When she was 10 years old, Louisa May Alcott in 1843 was taken to live at a commune called Fruitlands by her high-minded but improvident father.
Fruitlands was a utopian experiment, a model of love and unselfishness for the rest of society. Members lived by the Transcendental philosophy that people were inherently good but corrupted by society and its institutions.
They didn’t believe in eating meat, owning property or using animal labor. They dressed only in linen and wore canvas shoes because cotton resulted from slave labor, wool belonged to the sheep and leather to the cow. Cold water was their only beverage – and what they bathed in.
Louisa May Alcott kept a diary during her time at Fruitlands. She started in September by exclaiming how she loved cold water. She ended in December describing her family in tears.
Fruitlands
In May 1843, Charles Lane, an English admirer of Bronston Alcott, bought the 90-acre Wyman Farm in Harvard, Mass., for $1,800. He paid $1,500. Alcott was in debt and agreed to pay the remaining $300 later.
On June 1, the two men moved their families to Fruitlands, named after the 10 apple trees on the property. Lane brought his son, Alcott his wife Abby May and daughters Anna, Louisa, Elizabeth and May. There was only one other woman, Anna Page (“I hate her,” wrote Louisa). She was said to be kicked out of Fruitlands for eating fish.

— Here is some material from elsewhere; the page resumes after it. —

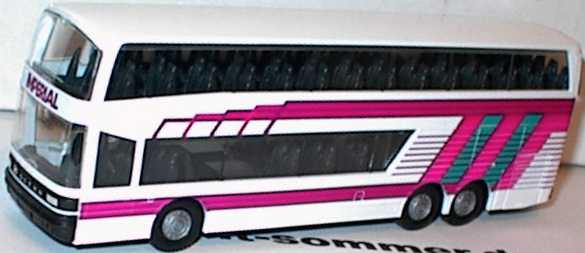 Foto 1:87 Kässbohrer-Setra S 228 DT Imperial (2. Version weiß/pink/blau) herpa 5300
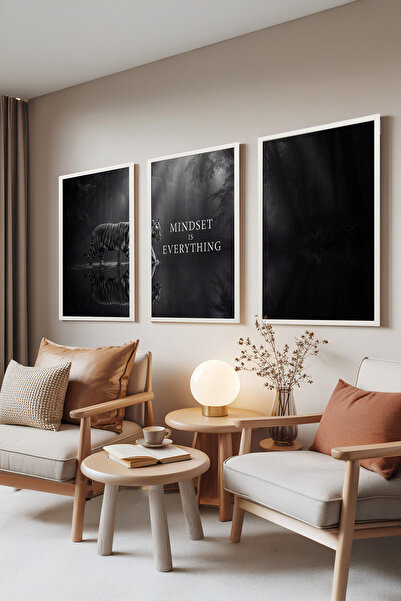 Zestia Тройна картина с леопард в бяла рамка, черно-бял мотивационен комплект...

Bronson Alcott managed to recruit only a handful of communards: a baker who eventually became a Catholic priest, a nudist, a cooper who had been committed to an insane asylum and a man who swore constantly because he believed foul language uplifted his listeners.

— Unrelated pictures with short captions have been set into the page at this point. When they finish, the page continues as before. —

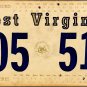 1983 West Virginia Temporary License Plate (505 511)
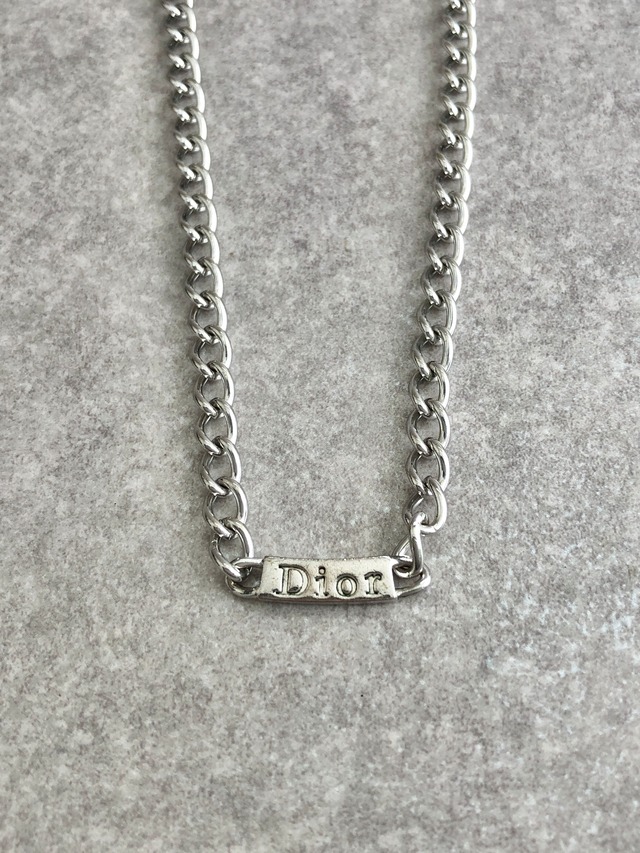 Christian Dior クリスチャン ディオール ネックレス シルバー プレートロゴ チェーン vintage ヴィンテージ オールド bbrkni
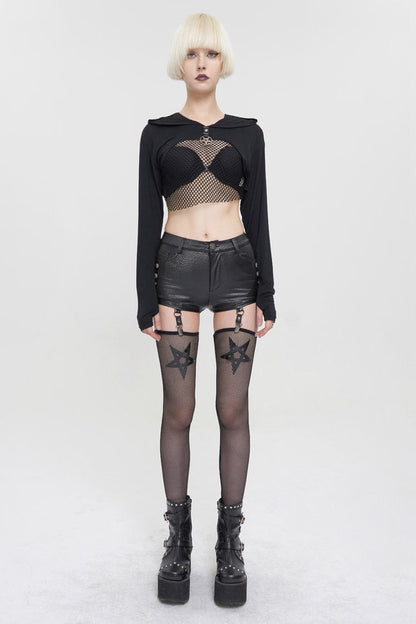 Pentagram Punk Shorts with Stockings in Black Faux Leather for Women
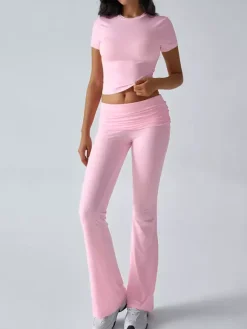 Yoga Sets Two Piece Outfits For Women - Slim Fit Short Sleeve Crop Top And Flared Pants - Summer Activewear Lounge 2026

One communard, Wood Abram, had changed his name from Abraham Wood to free himself from social control.
Joseph Palmer was the only farmer in the oddball group. He had gone to jail for refusing to cut his beard.

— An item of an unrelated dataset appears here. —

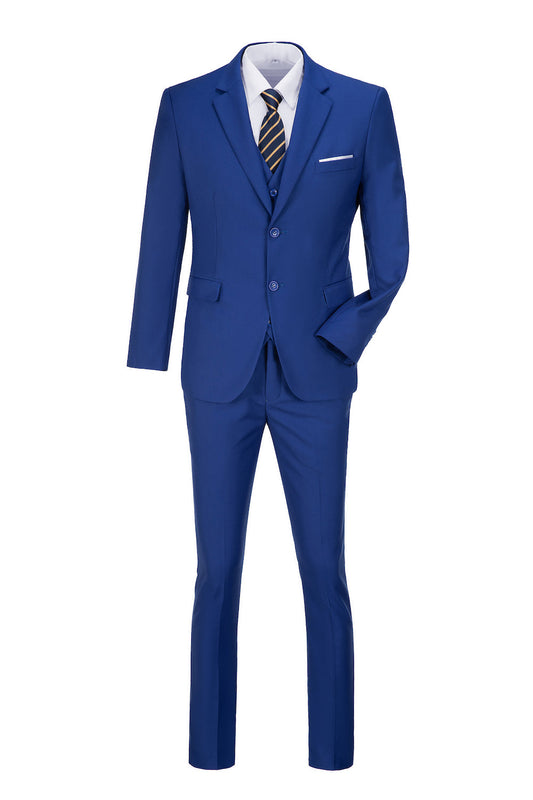 Royal Blue Two Button Wedding 3 Pieces Slim Fit Men Suits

Ralph Waldo Emerson visited Fruitlands in July, conceded things were going well, but questioned whether they’d last until December.
“The band of brothers began by spading garden and field; but a few days of it lessened their ardor amazingly,” Louisa May Alcott wrote in her book about Fruitlands, Transcendental Wild Oats.
Husking, Then Plutarch
On Sept. 1, 1843, Louisa May Alcott wrote she rose at five and had her bath. “I love cold water,” she wrote, and noted she ran on the hill, did chores, had singing lessons, discussed God’s noblest work with her father, ate bread and fruit for dinner and played.
Things began to go awry. They had to relent and use farm animals. The crops didn’t do well.
The nudist, Samuel Bowers could only experiment with the benefits of wearing no clothes at night. He was told to wear a white sheet when he wandered out in the open. Soon a posse went out from the town to investigate the white ghost.
The Alcotts’ friend Franklin Sanborn later commented on who was doing much of the work – Mrs. Alcott and her daughters.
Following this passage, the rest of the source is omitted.